Some of the requirements posed by the federal aviation regulations can seem needlessly rigid, if not downright silly. You might not want a new private pilot carrying passengers without having made three takeoffs and landings in the preceding 90 days, but a 12,000-hour commercial pilot won’t forget how to land an airplane after three months. The night currency requirements are even more likely to inspire this kind of complaint, since the window for night takeoffs and landings gets pretty narrow in the northern states over the summer. The answer, perhaps, is that the regulatory requirements merely establish a floor, a baseline level of proficiency no one should operate beneath. While this may never be an issue for our 12,000-hour charter pilot, it’s simpler to impose uniform standards than attempt to calibrate them to every possible situation.
Of course, some requirements are more clearly and compellingly relevant than others.
Beginning about 2:20 p.m. on Nov. 10, 2013, the pilot of a 1999-model Beech B36TC Bonanza made three IFR flights around northern Texas, going from the Tradewinds Airport outside Amarillo to Lubbock Preston Smith International, from Lubbock to the Collin County Regional Airport outside Dallas, and then back to Lubbock, arriving shortly after 11:15 p.m.
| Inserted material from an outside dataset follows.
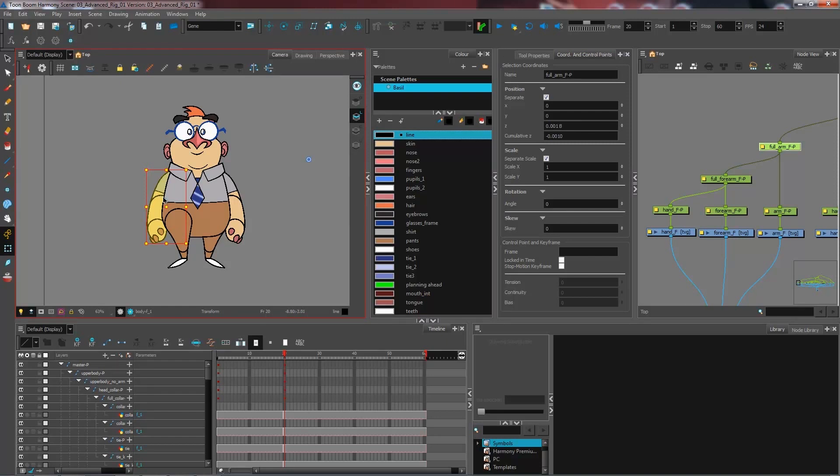So for this character, we'll need only the arm to be positioned in z-depth. But for any future rigs that you do, this will most certainly be helpful. So I will see you in the next step.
All told, he was airborne for 3.2 hours during nine hours’ elapsed time.
At about 11:45 p.m. he took off again, this time on the relatively short hop back to Tradewinds. Weather generally hadn’t been bad during the afternoon; the METAR recorded just before his first landing in Lubbock showed 10 miles visibility and a few clouds at 1,500 feet agl. By the time he returned that night, skies were clear but visibility had edged down to 9 miles, with five-knot southerly winds and less than one degree Celsius separating the temperature and dew point. By midnight, visibility was down to five miles in mist. Back at Amarillo, heavy fog had moved in by 9 p.m. METARs recorded throughout the evening consistently showed surface visibility of a quarter mile or less and vertical visibilities of just 100 feet.
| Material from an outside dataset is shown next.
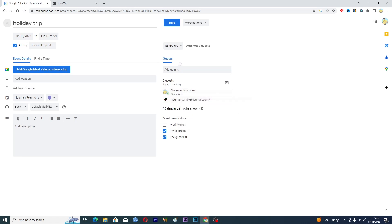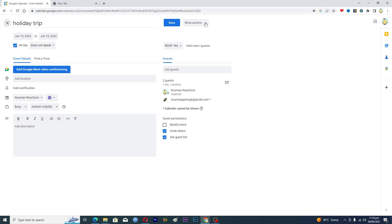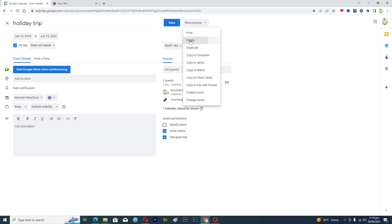So how to basically cancel this event? Next to the save option here you can see more actions. So click on this one and here you can see delete options, so click on this one.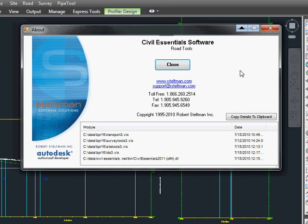Just another example of how Steltman software can make you more productive. If you have questions, give us a call at 905-945-9620.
At about 12:25 a.m.—some 10 hours after taking off on the first leg—the Bonanza began two turns in the holding pattern at the ZERAR waypoint depicted on the GPS approach to Runway 35 at Tradewinds while another aircraft tried to get into Rick Husband Amarillo International, just six miles from Tradewinds. At 12:32, after learning that aircraft had landed safely, Albuquerque Center cleared the Bonanza for the approach. At 12:39, the pilot reported that he was executing the published missed approach due to fog, returning to ZERAR. At 12:47, he requested the ILS to Runway 4 at Amarillo International. Given its proximity to Tradewinds, the weather there couldn’t be expected to be a great deal better (and wasn’t—the METARs cited earlier came from Amarillo International), so the pilot also designated the Hale County Airport in Plainview as his alternate in case of another missed approach.
Albuquerque Center wasn’t equipped to provide radar vectors to final, so the Bonanza’s clearance included a restriction to cross the 14-mile DME arc on the 218 radial of the Panhandle VOR at or above 6,100 feet. The pilot’s readback was the last transmission received from him. Radar track data showed that the Bonanza tracked the final approach course a little south of the localizer and began the missed approach procedure before disappearing. The wreckage was found in a flat pasture at the end of a very short debris field, suggesting a nose-down impact. Control continuity was confirmed aside from overload separations of the cables, and the engine and propeller fragments suggested the engine was producing full power at impact. The NTSB concluded that the private pilot had lost control initiating the missed approach. All three on board were killed.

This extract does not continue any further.